À Mizoën, la légende des nains, très populaire, connait quelques variantes, l’une d’elles met en scène des petits hommes bruns soit potiers, fondeurs, forgerons ou encore fromagers qui envahirent la haute vallée. Ils eurent des descendants qui, eux, ne voulurent pas se mêler aux cultivateurs et éleveurs du village. Désignés comme « Les nains malfaisants », ils vivaient reclus dans une grotte. À la suite d’un enlèvement d’enfant, pourtant rendu, les villageois mirent le feu à la forêt qui devient alors le « Désert de Mizoën ». Selon les versions les nains fuirent ou périrent.
Les diverses apparitions et échanges mystérieux
Oz, Vaujany, Auris, et Le Freney-d’Oisans ont été le théâtre de rencontres avec ces êtres sauvages. Les descriptions et quelques témoignages varient : soit des êtres de petite taille, soit très grands, souvent poilus et laids, mal odorant, frustres, brutaux, munis d’un gourdin rudimentaire, grognant, on leur prête un caractère vicieux, curieux, agressif ou peureux, parfois farceur lorsqu’ils tressent les queues et crinières des chevaux et qu’ils attachent les vaches par leur queue, chapardeur quand ils se délectent d’une tourte posée sur un rebord de fenêtre ou encore dérobant une chemise ou un linge de nuit, ils sont sans vergogne quand, dans le village voisin, ils procèdent à l’échange de leur progéniture geignarde contre un petit enfant humain souriant.
L’empreinte dans l’art et la culture locale
Ces récits ne se limitent pas aux rencontres directes et aux récits de veillée. À Grenoble, une fresque du XVIe siècle représente un homme sauvage tenant un arc à la main, témoignant de la présence de ces légendes dans l’art. Ainsi, le Musée Dauphinois expose deux représentations anciennes de l’Homme sauvage sous la forme de deux bas-reliefs sculptés, l’un en bois et l’autre en pierre peinte munie d’un gourdin. Ces deux œuvres sont troublantes rappelant par les traits de leur visage, leur regard, une ressemblance humaine dérangeante qui mettent en garde l’observateur civilisé la nature.

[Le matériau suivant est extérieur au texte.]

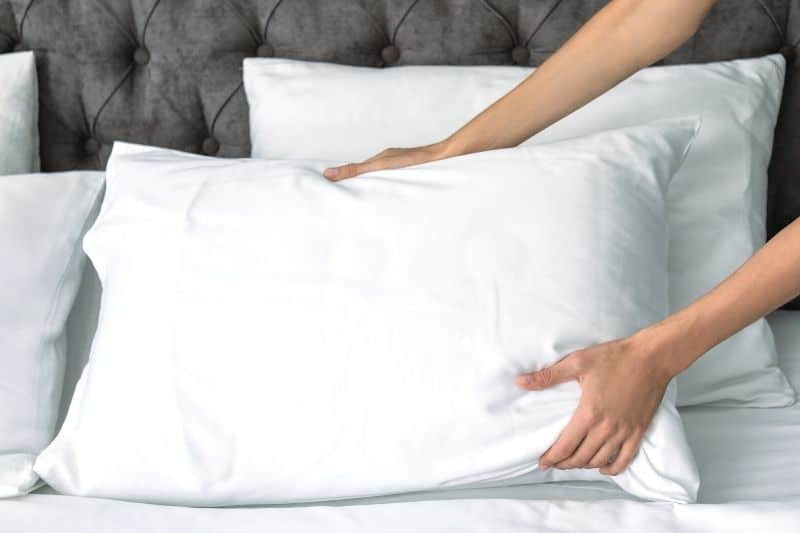 Plump Feather Pillows to Keep Them Fluffy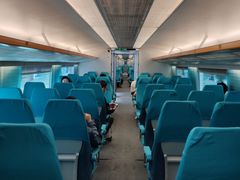 -龙阳路磁悬浮列车总站-停车场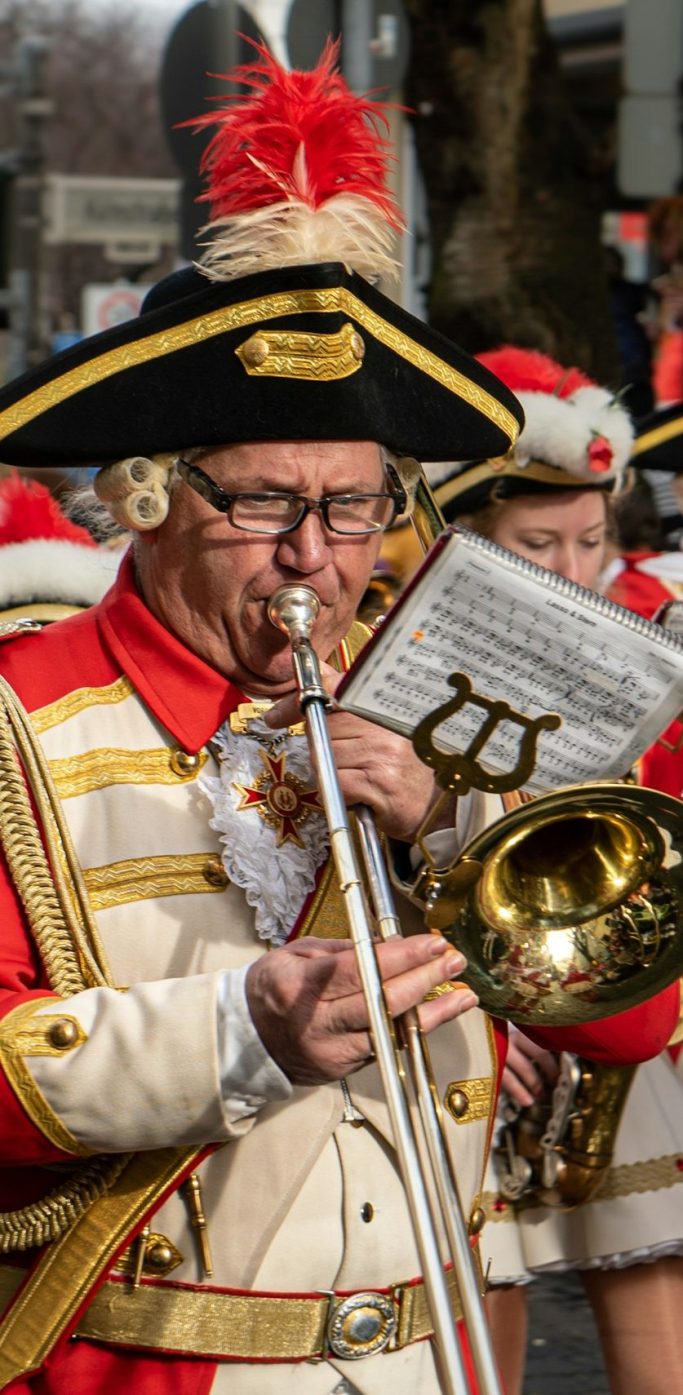 Musikgruppen Mann mit Trompete im klassischen Karnevalskostüm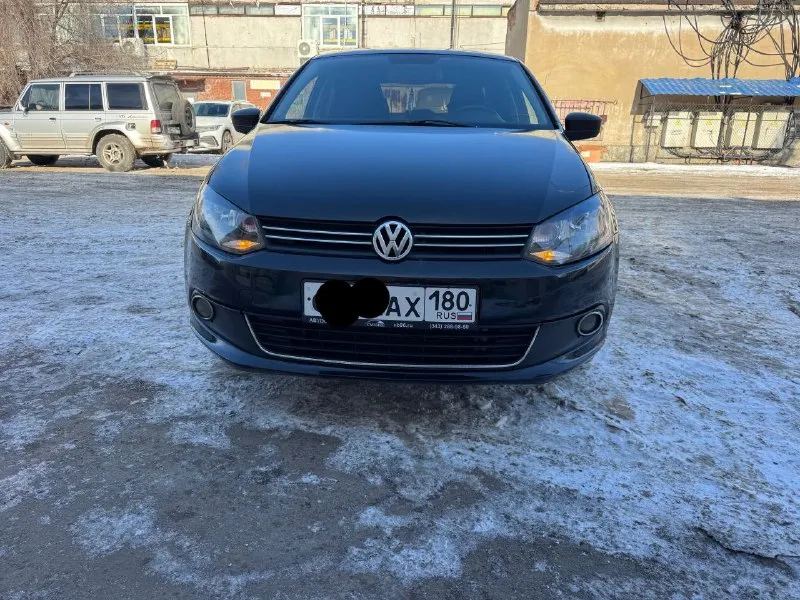 Продам срочно фольксваген поло 2011 года выпуска в хорошем состоянии комплектация полная всё работае... - фотография
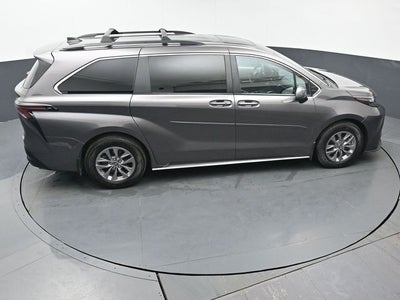 2024 Toyota Sienna LE 8 Passenger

Des œuvres littéraires telles que le roman de Balzac, « Un médecin de campagne » s’inspirant du Docteur Rome de la Grave, mentionnent ces êtres sauvages, contribuant ainsi, par la littérature la plus classique, à perpétuer ces récits.
Des événements mystérieux dans la région
D’autres sites, tels que Voiron, La Tour-du-Pin, Rochetoirin, et Velannes, ont également été le théâtre, selon les récits transmis, à d’énigmatiques rencontres avec des êtres sauvages aux caractéristiques similaires intrigantes, souvent associées à des événements mettant en scène des enlèvements ou des échanges d’enfants.
Entre mystère et folklore
Les Alpes françaises abritent un riche folklore constitué d’observations, de rencontres étranges, souvent orales, mais aussi couchées sur le papier sous forme de procès-verbal mêlant ainsi avec ambiguïté rencontre d’êtres sauvages réelle et être de légende.

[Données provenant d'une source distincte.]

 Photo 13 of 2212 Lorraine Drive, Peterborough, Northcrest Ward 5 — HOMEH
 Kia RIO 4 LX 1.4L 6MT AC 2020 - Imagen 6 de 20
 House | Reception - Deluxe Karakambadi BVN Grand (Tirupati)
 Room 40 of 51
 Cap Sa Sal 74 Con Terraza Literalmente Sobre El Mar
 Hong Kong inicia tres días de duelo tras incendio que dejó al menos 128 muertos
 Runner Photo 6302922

Ces mythes, issus de différentes régions alpines comme l’Oisans, témoignent d’un patrimoine culturel fascinant, où la frontière entre imaginaire et réalité demeure souvent floue, parfois à dessein, laissant ainsi planer une aura de mystère et d’émerveillement autour de ces récits séculaires.
Charles Joisten a passé une grande partie de sa vie à chasser et collecter ces histoires qu’il a compilées dans de nombreux ouvrages qui font référence pour les passionnés de folklore et légendes locales.